The conflict in the West Bank has been going on for so long, in such familiar ebbs and flows, that one can hardly fault the exhaustion of Western attention. As intifada gives way to uneasy detente, as Arab Spring turns to Arab Fall, the perpetual strife in the Middle East comes to us as an abstraction that flashes for a few minutes on the evening news, or as truncated Twitter headlines that accompany unclicked links.

But what you're able to give us in the hundreds of hours of footage you shot over a five year period in your village, the Palestinian outpost Bil'in, is a humanity that such bite-sized bits of impartial journalism simply can't capture. The result is the Oscar-nominated documentary 5 Broken Cameras, which follows the fate of your farming community as it protests the construction of the West Bank barrier and fights against the encroachment of Israeli settlers.

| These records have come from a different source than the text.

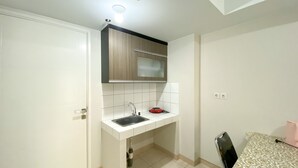 A compact kitchen with a sink, a small countertop, and a window above the sink. - Elegant And Comfy 2Br Springlake Summarecon Bekasi Apartment Near Summarecon Mall (Bekasi)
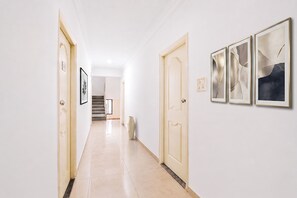Ein Flur mit Fliesenboden, einer Treppe im Hintergrund und drei gerahmten Kunstwerken an der Wand.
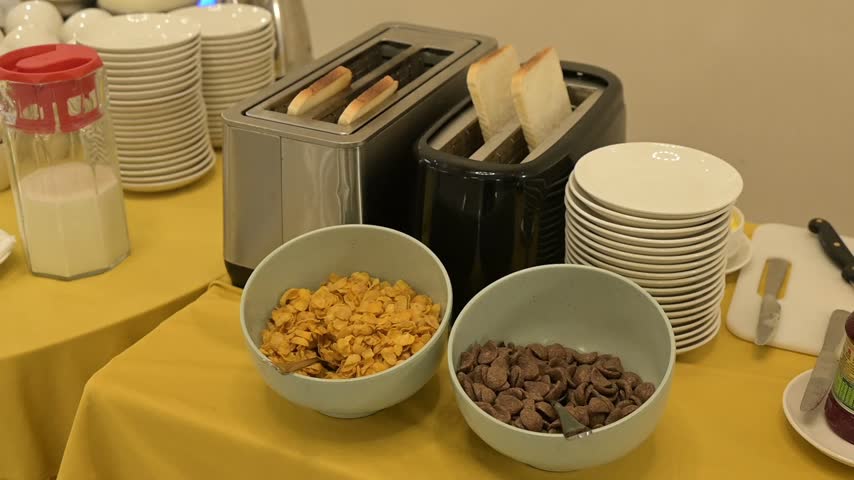 Breakfast Buffet Setup with Toaster Bread Cereals and Dining Table at Event Venue in Mumbai Maharashtra India September 21 2026
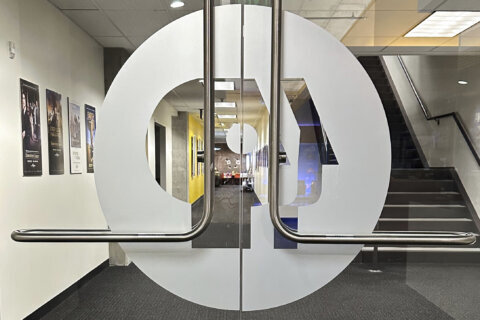 FILE - An entrance to the Arizona PBS offices in the Walter Cronkite School of Journalism and Mass Communication in Phoenix is photographed, May 2, 2025. (AP Photo/Katie Oyan, File)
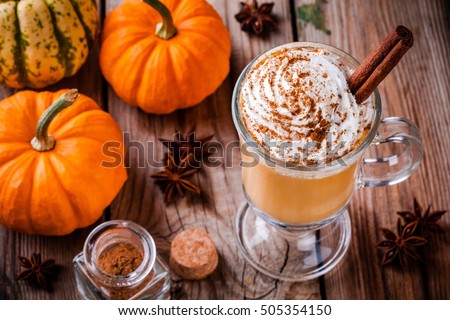 Pumpkin spice latte with whipped cream  on wooden table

Some of the images are familiar: the seasick shaking of the frame as the photographer flees from crackling flash grenades (a blur of feet and sky and fleeing faces); the street-level wreckage after a confrontation between protesters and security forces (flames and crumbled concrete and far-off wailing). But it's the moments in between these eerie scenes that are most striking. Only someone as close to the conflict as you would know well enough to seek them out, to linger, to let them play out. An Israeli special forces unit, undercover as Palestinian dissenters, reveal themselves by hurling the first stones during a peaceful protest. A protester, already in custody, cuffed, calm, is casually shot in the leg in the style of a summary execution.

In many of these moments, the camera is up close to the action; mere feet away (inches, in some cases), and captures an intensity of emotion that news cameras rarely do. What shows through, from this intimate vantage, is true impartiality, not merely the illusion of it: nowhere is this more evident than in the defeated, almost apologetic way that an Israeli soldier reads his eviction orders when you and your family are ordered to vacate your home in the middle of the night. Often you somehow manage to find a perch behind Israeli forces, and shoot from their point-of-view as they fire tear gas and rubber bullets into the fleeing crowd. This is no impartial piece of journalism (nor is it meant to be) but we get a sense - in camera perspective, at least - of what it's like on the other side of the fence.

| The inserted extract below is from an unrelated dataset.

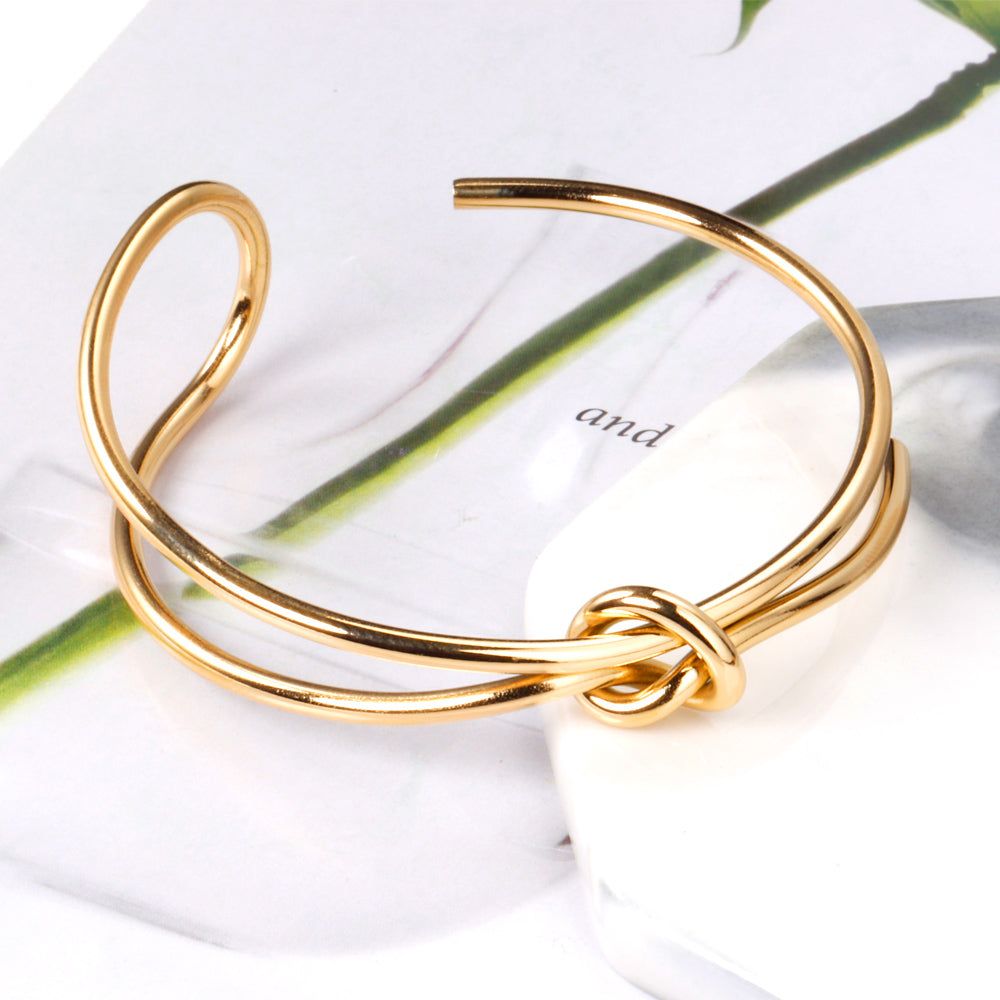 Hard bangle with minimalist clasp shape in gold color asonjewelry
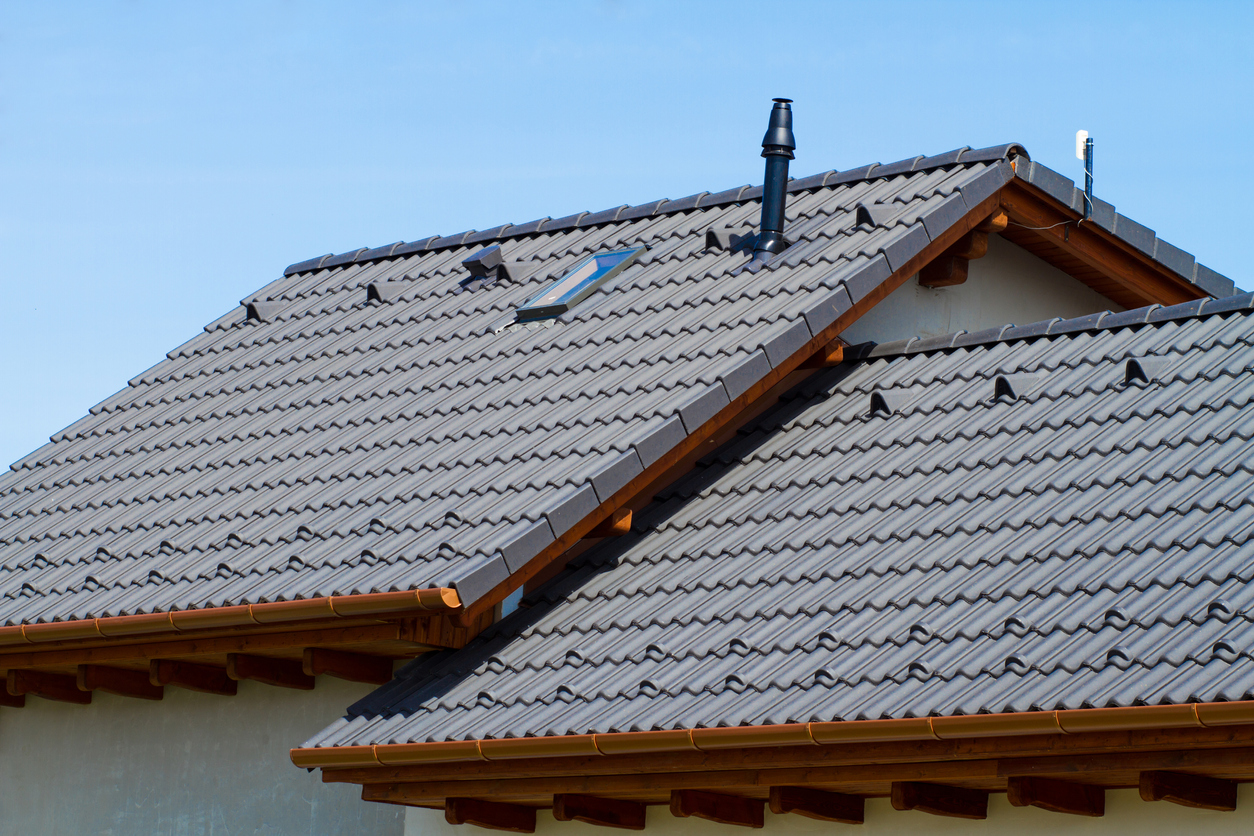 Side view of a roof with concrete shingles designed to look like clay tiles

This isn't a film meant to comment broadly upon the historical struggle for Palestinian statehood, either. It's about a very specific place, a very specific time, and very specific community of people. And through this relatively narrow perspective that the broader truth about the Arab-Israeli conflict is revealed. In this context, the sight of an olive tree engulfed in flames is evidence of an unspeakable atrocity; a single death, occurring with frightening speed and simplicity (a loud crack, a ragdoll collapse), is a proxy for the hundreds of thousands of deaths that preceded it.

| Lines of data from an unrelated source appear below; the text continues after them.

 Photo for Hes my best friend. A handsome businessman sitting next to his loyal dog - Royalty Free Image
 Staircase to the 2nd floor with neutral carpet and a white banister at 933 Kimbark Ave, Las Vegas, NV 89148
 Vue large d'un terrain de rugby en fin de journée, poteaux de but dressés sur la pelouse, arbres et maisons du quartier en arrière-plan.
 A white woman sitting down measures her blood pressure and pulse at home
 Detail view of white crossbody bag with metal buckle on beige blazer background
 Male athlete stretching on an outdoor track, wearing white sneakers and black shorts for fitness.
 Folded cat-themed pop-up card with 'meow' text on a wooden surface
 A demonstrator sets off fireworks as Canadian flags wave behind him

Whatever parts of the film are manufactured (and only rarely do those seams show through, in too-convenient third-party footage and narrative bits built through self-conscious editing) are easily forgiven, if only for the fact that two of your cameras are destroyed during physical assaults, and two others are, literally, shot out of your hands. Even during the quiet moments you spend documenting the first years of your fourth-born son's life, danger is always present at the edge of the frame.

Midway through the film, you observe: "When I film, I feel like the camera protects me. But it's an illusion." The illusion, however, is ours: that the plight of the Middle East can be explicated through punditry and press-releases and 140-character summaries of political maneuvering. Only through the testimony of those involved is the truth fully revealed.